The work of Freddie Harrel is about fighting the way women are pigeonholed into ‘types’ and ‘kinds’, so I know it’s clichè, but I’m telling you – she really is a one-of-a-kind woman.
Freddie’s blog is about so much more than personal style. She teaches ‘She UNLEASHED’ workshops, gives talks, and makes videos that are all about self-acceptance and breaking down the barriers that are in the way of women reaching their full potential.
If you’re like me, you approach all these “self-help” and “self-discovery” ideas with a healthy dose of cynicism, but holy moly, Freddie practices what she preaches and the proof is right in front of you. Watch her videos, read about her journey, and take a look at how unleashed this woman is. It makes you want to learn more.
In craving to understand how Freddie came to be such a wonderful, powerhouse woman, I began to understand myself.
Freddie used to be an ASOS stylist and that was when a lot of ideas for She Unleashed emerged:
“I used to help women shop through the stylist interface, and I realised that many of them were just like I used to be: dressing to look like the person they wanted to be perceived as, and not themselves.”
We spoke a lot about how dangerous social media can be – encouraging women to constantly compare themselves to each other. Freddie said that her core message is that each one of us is so complex, made up of so many delightful different parts and personalities that are so easy to overlook, that there is no baseline from which we can compare each other.
Her messages for women about empowerment and self-acceptance appear on her blog alongside thoughtful pieces about feminism and girl gangs.
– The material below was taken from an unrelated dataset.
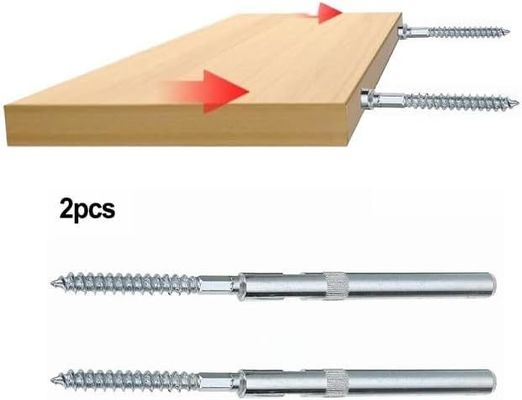 60X20 Weißholz Wand Dekorativ schwimmendes Bücherregal für Heimdekor Badezimmer Funktion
One of my favourite things about her blog is how it feels like you’re on the journey with her. A while ago she posted about not knowing whether or not to call herself a feminist, and we’ve all been there before, so I asked her about it.
“I have no fear to call myself a feminist now.”
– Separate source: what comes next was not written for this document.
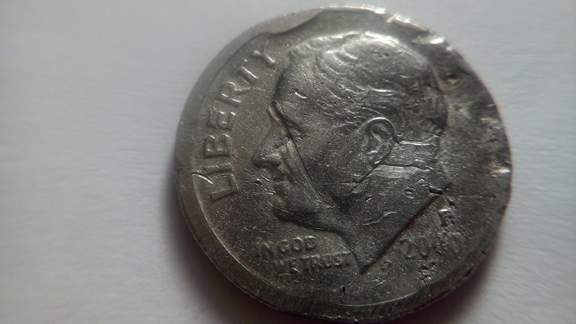 2000-P-Roosevelt-Dime-With-Multiple-Errors....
“I never really understood the backlash around it so I was nervous about that term, but now I’m more and more unapologetic about who I am and I actually don’t understand people who claim they’re not feminist.”
One of the other terms Freddie has coined is “Lady Guilt” and it’s a personal favourite. I remember watching her video about it and realising that all the feelings she was having – about clothes and her partner and about cleaning their apartment – were identical to mine. “Oh, the Lady Guilt! I think we all suffer with guilt, but women especially, we spend so much time beating ourselves up. Feeling or acting like we’re not doing enough, not performing enough – that’s definitely something I struggle with too.”
We finished on a topic I know she’s passionate about – diversity in fashion. I asked her if she had any opinions or experiences she’d like to share as a woman of colour in the industry and, true to Freddie form, she didn’t hold back.
“It’s a tricky thing because I think that everyone gets used in the end. There are brands that clearly approach me so they can tap into the black market, but I guess blonde girls are used the same way too.”
What really makes her angry though, are brands who don’t use black models at all.
“What can possibly be the reason? We don’t sell? We’re not beautiful enough? It angers me but I also can’t help but feeling sorry for these brands. Black women are responsible for a big chunk of the global beauty spending, same for fashion. If brands don’t want to work with us, that’s their loss.”
When recently working with a French brand who make t-shirts, mostly with Beyonce, Kanye West and Drake lyrics, but don’t use black bloggers or models on their site, Freddie confronted them about it. “Do you know what their reply was? We’re just about to use an Asian model.” Not good enough.
“We’re beautiful and matter just as much. And if you’re in for the money, we have some too!”